* _ABOUT THIS TASK_
Where a picture occurs in the data, omit it, and copy all remaining data exactly.

SUPPLIED DATA Start Marker

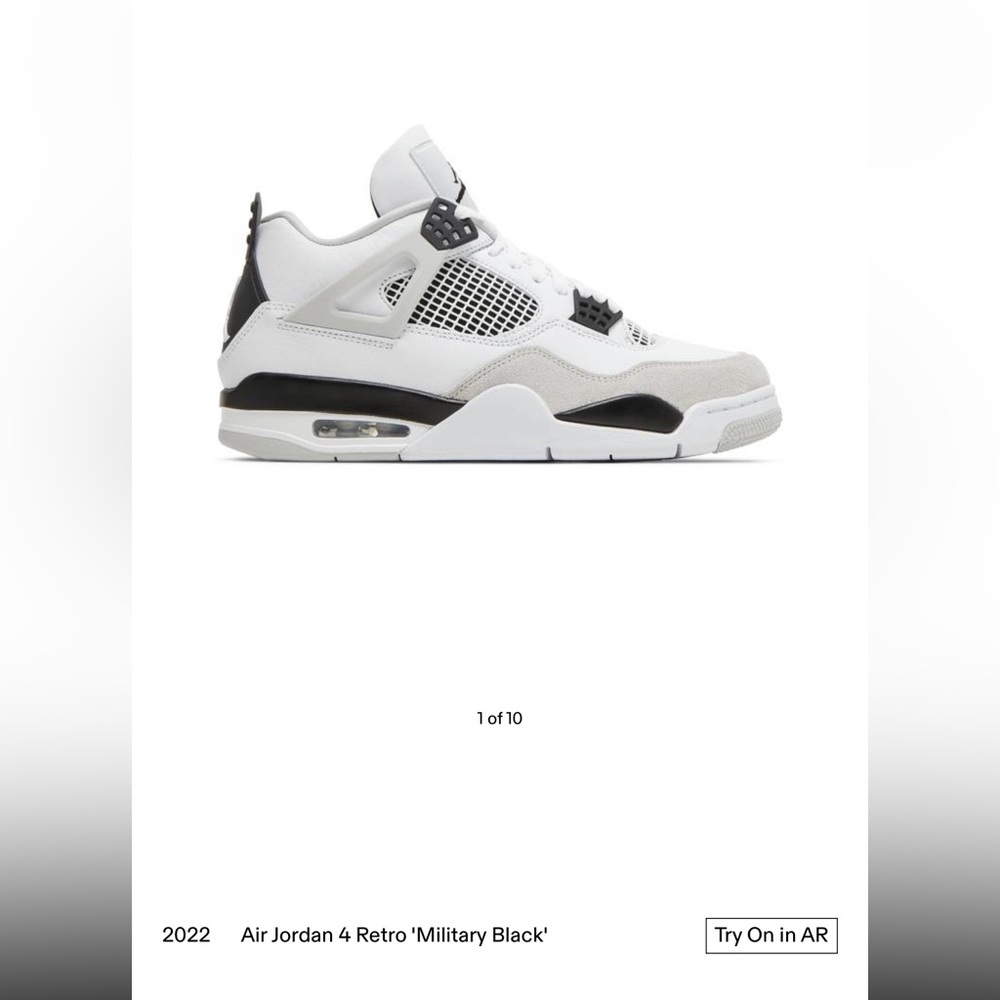 Air Jordan 4 Retro ‘Military Black’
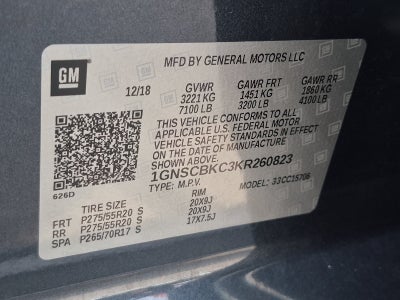 2019 Chevrolet Tahoe LT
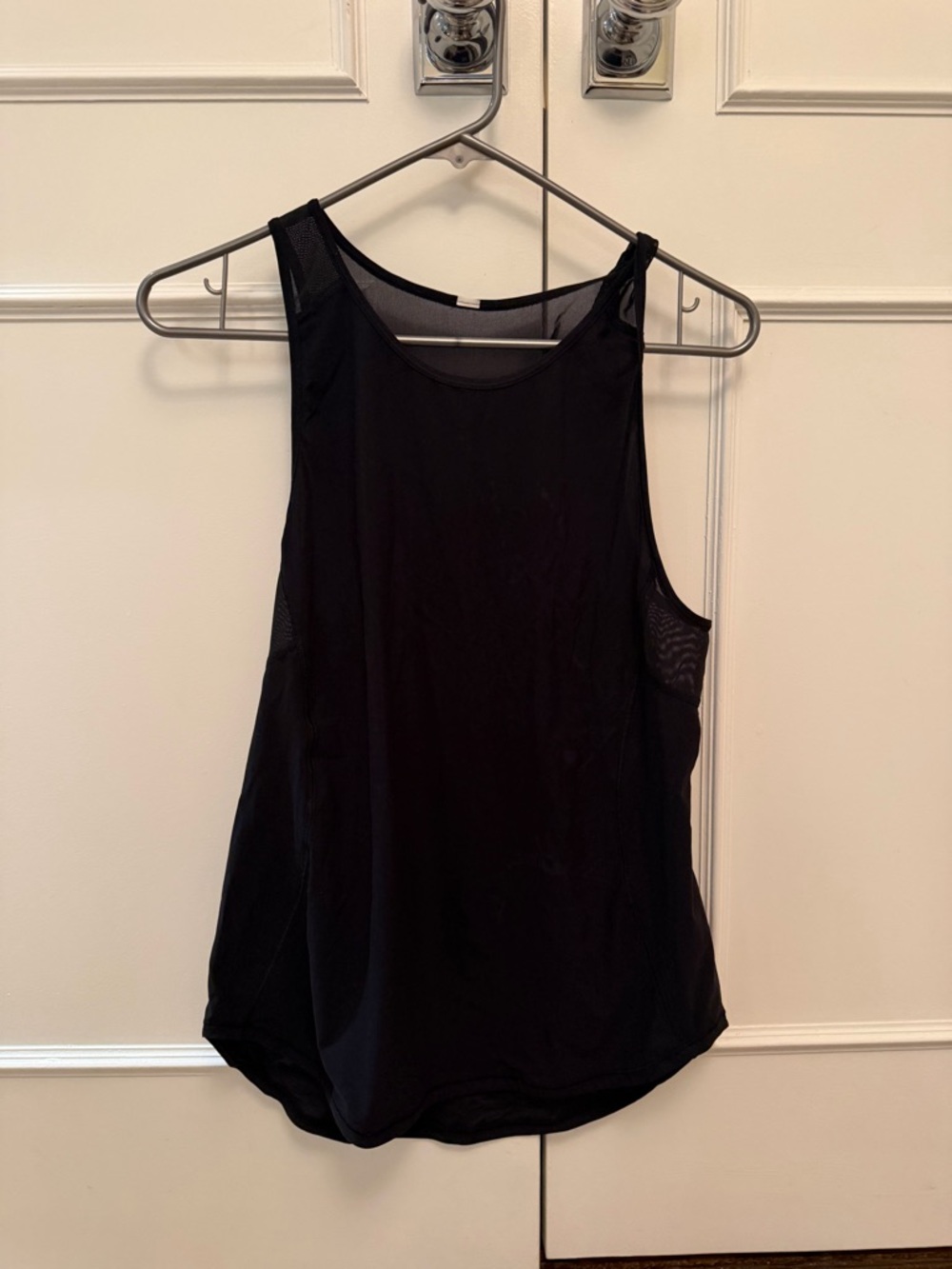 lululemon athletica Black Mesh-Panel Athletic Tank AND White Tank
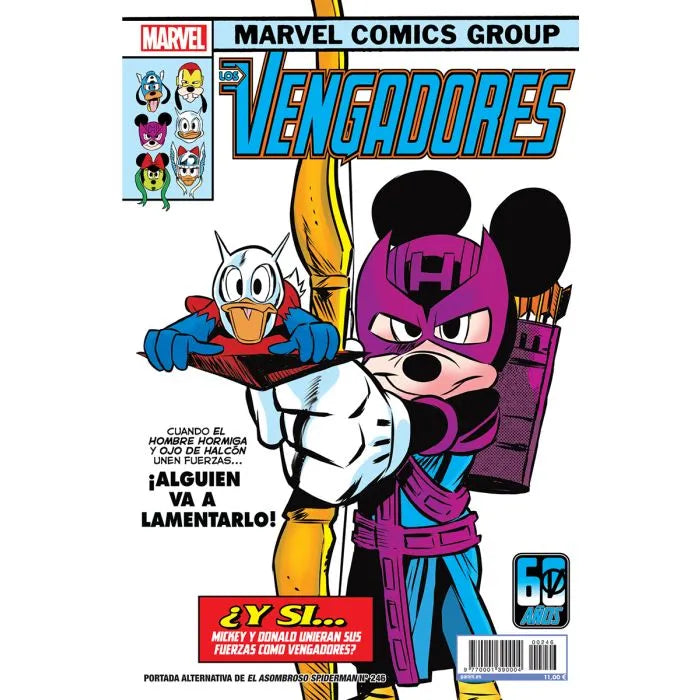 EL ASOMBROSO SPIDERMAN ESPPECIAL (PORTADA ALTERNATIVA DISNEY) - WHAT IF? LOS VENGADORES #223 - PANINI COMIC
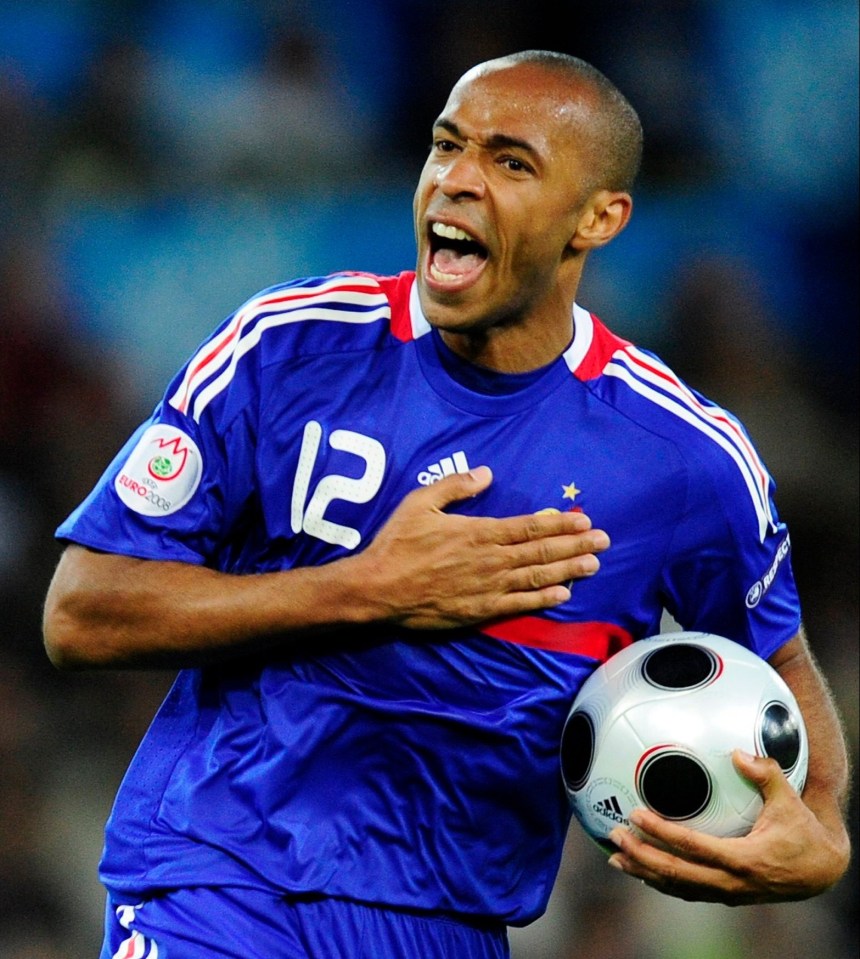 Henry managed 51 international goals for Les Bleus in 123 caps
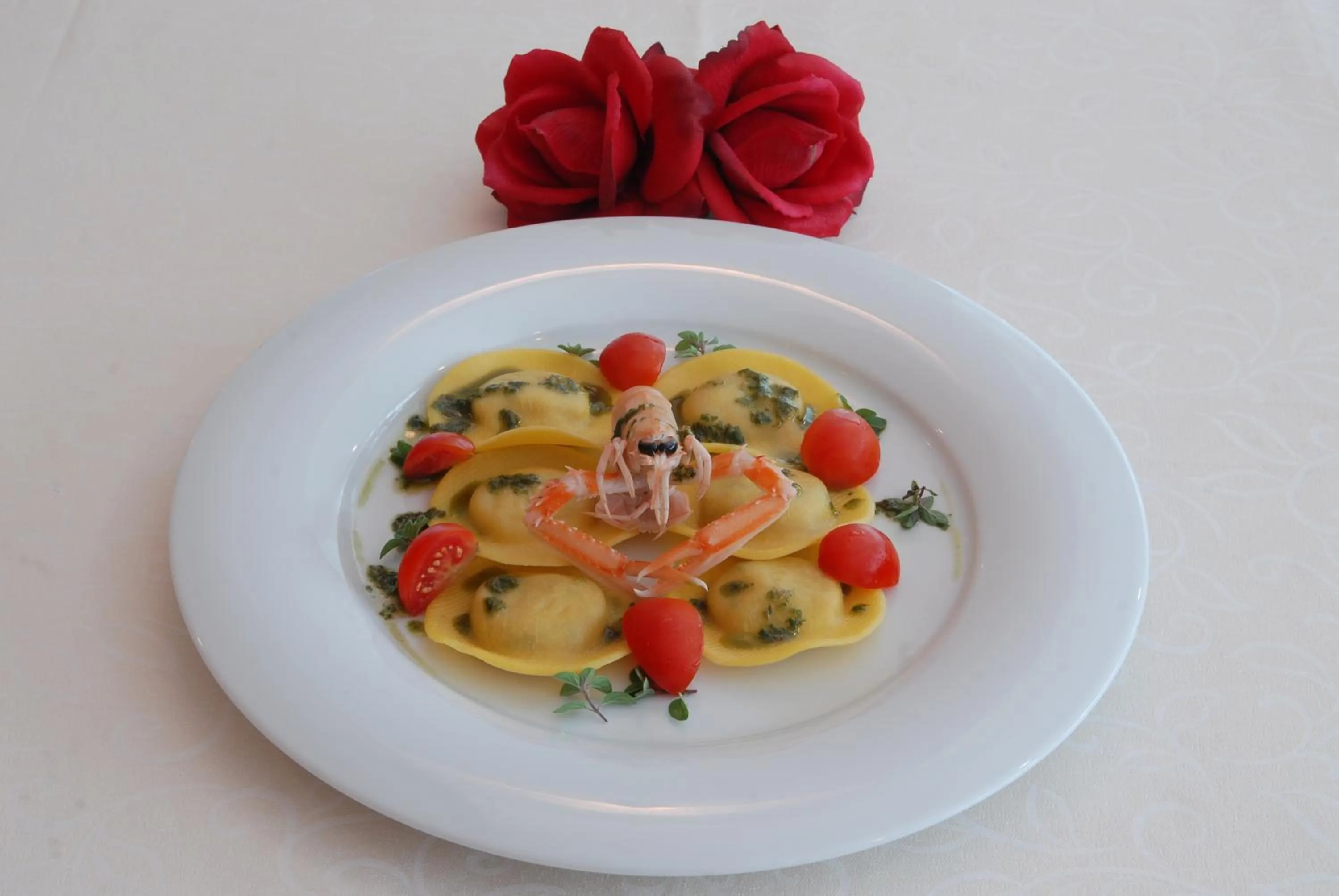 Food close-up in Hotel Amburgo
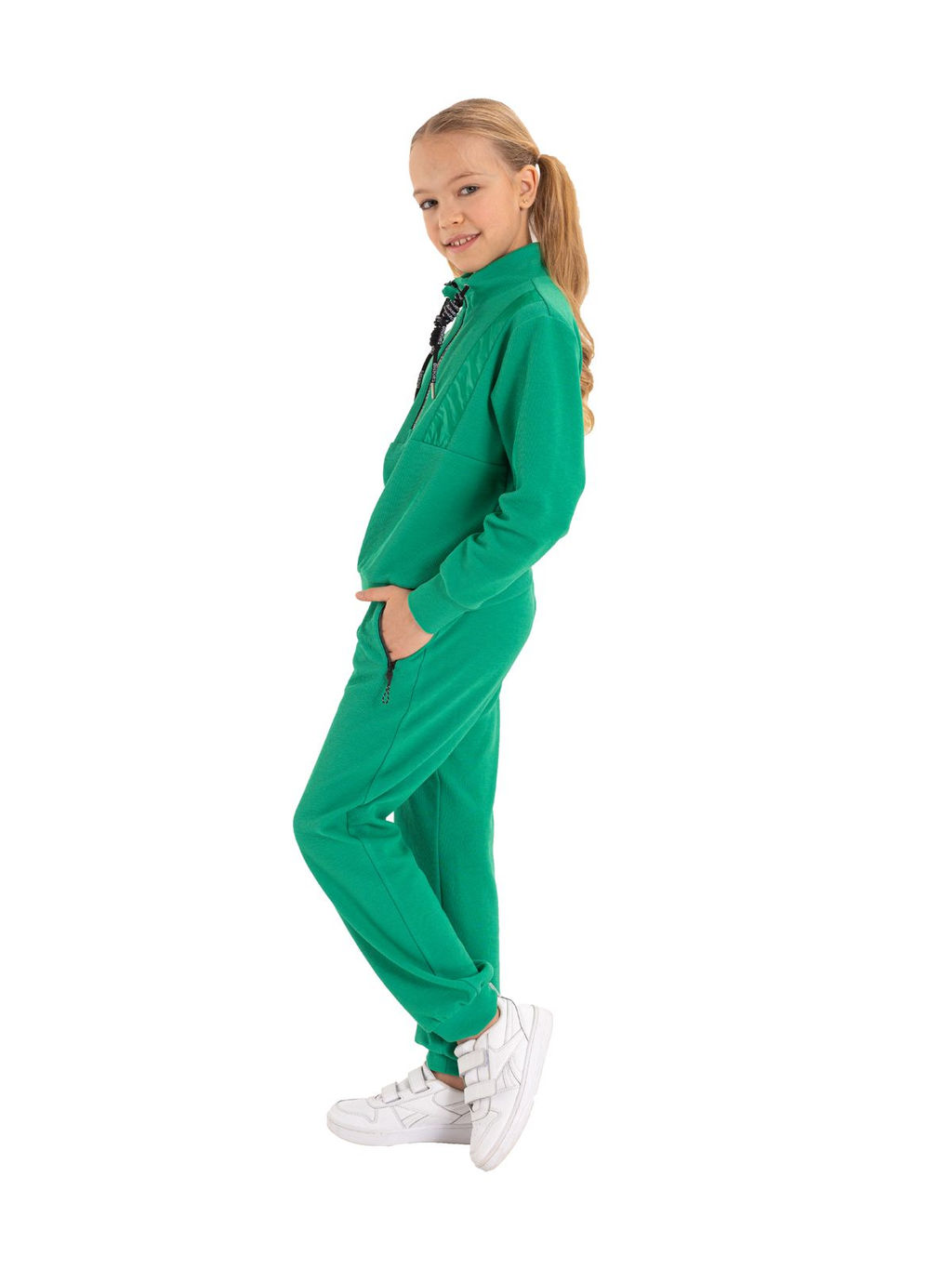 Брюки дев. О66610 - Карамелли фото 4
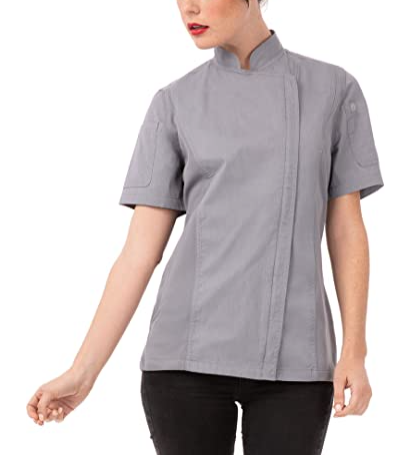 OEM Service Restaurant Costume Bar Kitchen Women Fitted Chef Coat
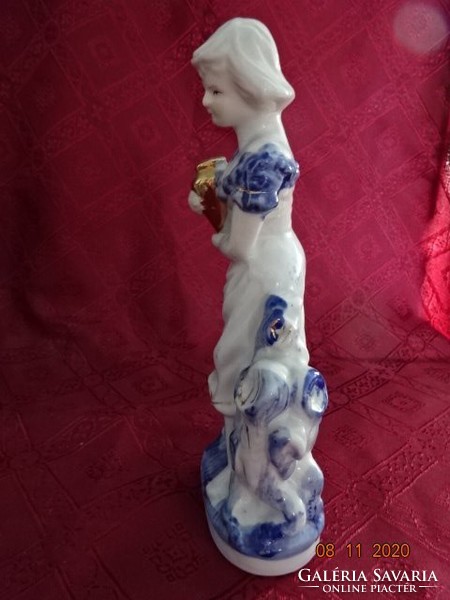 Porcelán figura, a vízhordó lány, magassága 23 cm. Vanneki!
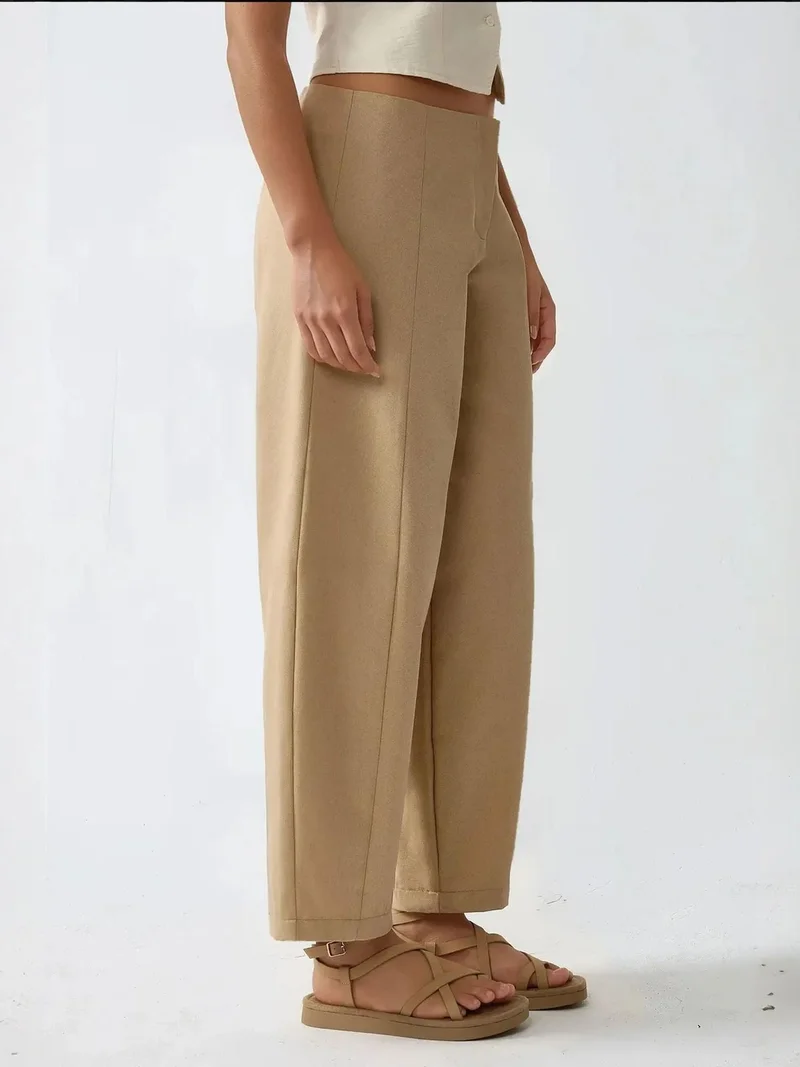 زوبعة بنطلون بخصر مرتفع بتصميم بالون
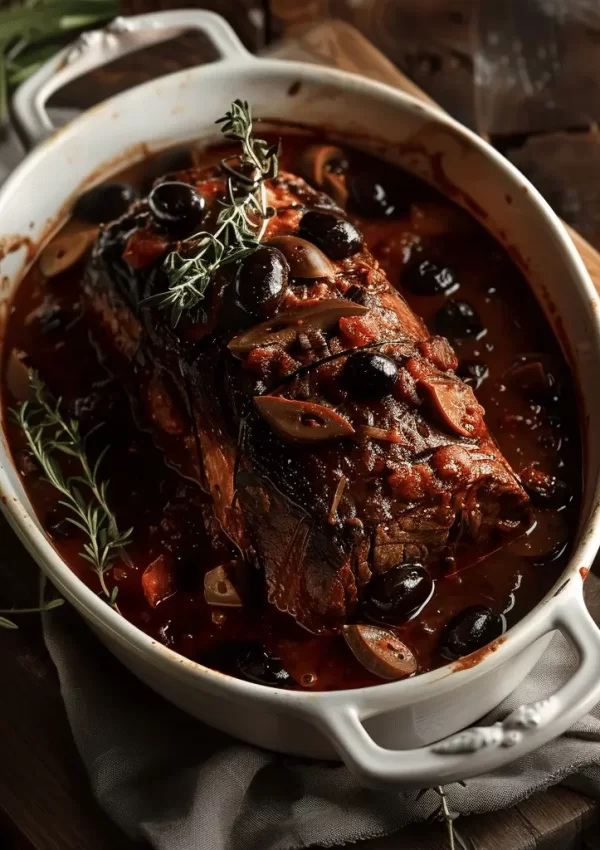 Boliche | Cuban Pot Roast Stuffed with Chorizo and Olives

SUPPLIED DATA End Marker

* _EXERCISE SOLUTION_
 Air Jordan 4 Retro ‘Military Black’
 2019 Chevrolet Tahoe LT
 lululemon athletica Black Mesh-Panel Athletic Tank AND White Tank
 EL ASOMBROSO SPIDERMAN ESPPECIAL (PORTADA ALTERNATIVA DISNEY) - WHAT IF? LOS VENGADORES #223 - PANINI COMIC
 Henry managed 51 international goals for Les Bleus in 123 caps
 Food close-up in Hotel Amburgo
 Брюки дев. О66610 - Карамелли фото 4
 OEM Service Restaurant Costume Bar Kitchen Women Fitted Chef Coat
 Porcelán figura, a vízhordó lány, magassága 23 cm. Vanneki!
 زوبعة بنطلون بخصر مرتفع بتصميم بالون
 Boliche | Cuban Pot Roast Stuffed with Chorizo and Olives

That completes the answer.